Oh man I am excited for this. Redbelt ruled.

When was the last time Hollywood got a consistently good writer/director to adapt a piece of classic literature?

Mamet also directed Beckett, so I think he'll adapt his style successfully.

Posted by: Chris P. at August 13, 2009 11:33 AM

I just hope they don't cast Dakota freaking Fanning as Anne - but they probably will.

Posted by: the essence of fanciness and class at August 13, 2009 1:54 PM

This could work, Mamet's The Spanish Prisoner worked and there were no profanities, but don't expect any Asians to help save Anne Frank.

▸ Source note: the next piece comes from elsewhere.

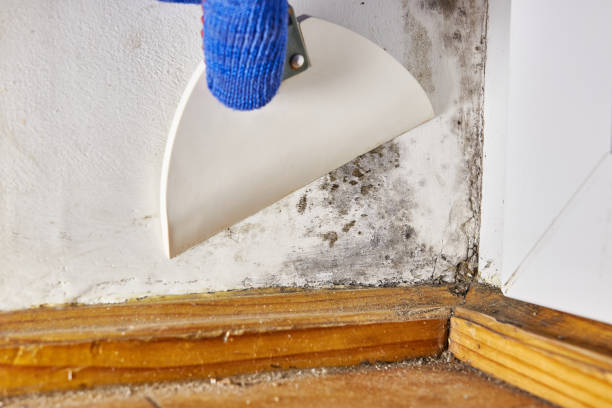 Best Residential Mold Inspection & Testing  in Bellerose Terrace, NY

Posted by: Corey W. at August 13, 2009 2:40 PM

Two thoughts about this:

1) I'm sort of sick of Holocaust movies, but only because the more times you put it on film, the more it seems like the whole thing is just some distant, made-up story straight out of Hollywood. Just keep showing real footage (it's not like none exists). I HIGHLY recommend the Shoah Foundation's Oscar-winning documentary The Last Days. When I showed it to my 10th graders, the real footage was so unbelievable to them, one actually said, "That's just special effects, right?" When people die in horrible manners on the big screen all the time, people being murdered in a mass genocide doesn't seem so horrific. We need to do all we can to NOT Hollywood-ize it.

2) If they do make it, Natalie Portman is too old now to play Anne Frank. Are there any other young Jewish girls in Hollywood who could pull it off?